Discussion Intel current and future Lakes & Rapids thread

Thala · Jul 26, 2021

coercitiv said:
This "magical" scheduler talk needs to stop. The scheduler does not do "heavy lifting", it has only one job, which is to minimize performance loss. In the case of benchmarks such as CB, GB, Passmark - the scheduler's job is extremely simple: puts the ST test on a big core, puts the MT test on all cores. It doesn't get more basic than that.

Right - i wonder how often this has to be repeated. In your examples above (e.g. synthetic benchmarks) even a non hybrid-aware scheduler would find the optimum schedule, because the solution is so trivial - as you perfectly describe. Even sophisticated performance counters will not give any insights to change the schedule in these cases, because the schedule is already optimal.
The more interesting cases for a hybrid scheduler are the non-trivial cases, where the system is only partially loaded with complex dependencies between threads.

JoeRambo · Jul 26, 2021

And even if we ignore the "performance" domain completely, there are plenty of other things for scheduler to consider - like power policies, CPU parking decisions and so on.
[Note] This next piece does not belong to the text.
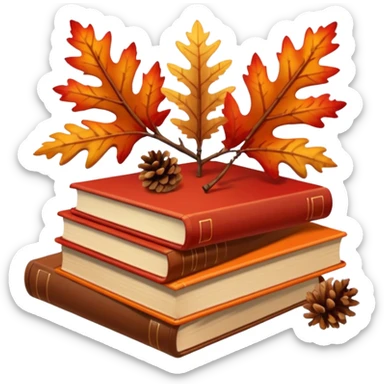 3 Red-orange-yellow-brown-gradients autumn leaves, pinecones, nuts, sticks, twigs, books sticker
And all of them feed back into performance as well.
What If you have limited power budget and 1B+4S cores, 4 threads of workload, what will result in best MT performance if power is limited and 1Big is half as efficient, but 25% faster than 1Small?
What if there are 4B+8S and 5?8? threads of workload and still limited power?
What if load dynamically changes and transitions from what is optimal for running on big cores into loosing MT potential performance due to power ceiling.
Even obviuos stuff, like scheduling decisions need to obviously run on actual CPU and burn cycles and evict good guys from CPU caches. Too complex and you start loosing performance.
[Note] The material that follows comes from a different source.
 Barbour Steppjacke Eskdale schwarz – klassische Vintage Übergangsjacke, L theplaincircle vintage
"Hardware" cannot solve any of those, other than help transitions between clocks, or core wake up faster or use clever tricks like Speed Shift that take decisions from software. But it can give hints from hardware about the state of hybrid system load and power characteristics, that can then guide scheduler and power subsystem of OS to make hopefully better decisions. Or move your critical rendering thread to Atom core due to the bug and cut your FPS in half

semiman · Jul 26, 2021

JoeRambo said:
And even if we ignore the "performance" domain completely, there are plenty of other things for scheduler to consider - like power policies, CPU parking decisions and so on. And all of them feed back into performance as well.
What If you have limited power budget and 1B+4S cores, 4 threads of workload, what will result in best MT performance if power is limited and 1Big is half as efficient, but 25% faster than 1Small?
What if there are 4B+8S and 5?8? threads of workload and still limited power?
What if load dynamically changes and transitions from what is optimal for running on big cores into loosing MT potential performance due to power ceiling.
Even obviuos stuff, like scheduling decisions need to obviously run on actual CPU and burn cycles and evict good guys from CPU caches. Too complex and you start loosing performance.

"Hardware" cannot solve any of those, other than help transitions between clocks, or core wake up faster or use clever tricks like Speed Shift that take decisions from software. But it can give hints from hardware about the state of hybrid system load and power characteristics, that can then guide scheduler and power subsystem of OS to make hopefully better decisions. Or move your critical rendering thread to Atom core due to the bug and cut your FPS in half

At least everyone knows answer exists. In ARM ecosystem and that's something MS and laptop vendors really really want to learn. Since they know that the problem is solvable, I think it'll work anyway with some 'frictions'. Of course, there'll be x86 domain-specific this and that but don't we all? Without big and little success(whatever they call this), Intel will be experiencing gloomy 2022~2023 thanks to Zen 4 + 5nm TSMC manufacturing.

JoeRambo · Jul 26, 2021

diediealldie said:
At least everyone knows answer exists. In ARM ecosystem and that's something MS and laptop vendors really really want to learn.

Serious? If anything ARM vendors are very well known for benchmark cheating and ridiculous heuristics to try to beat the system. Need recent example of BS?

AnandTech Forums: Technology, Hardware, Software, and Deals

Seeking answers? Join the AnandTech community: where nearly half-a-million members share solutions and discuss the latest tech.

www.anandtech.com

Apple's solution is user experience focused 100%, not about winning all benchmarks. Will their rumoured workstation class ARM cpus even have hybrid cores? Remains to be seen frankly. I expect them to have them for not optimization/power, but rather same OS base throwing some background threads on those cores and forgetting them.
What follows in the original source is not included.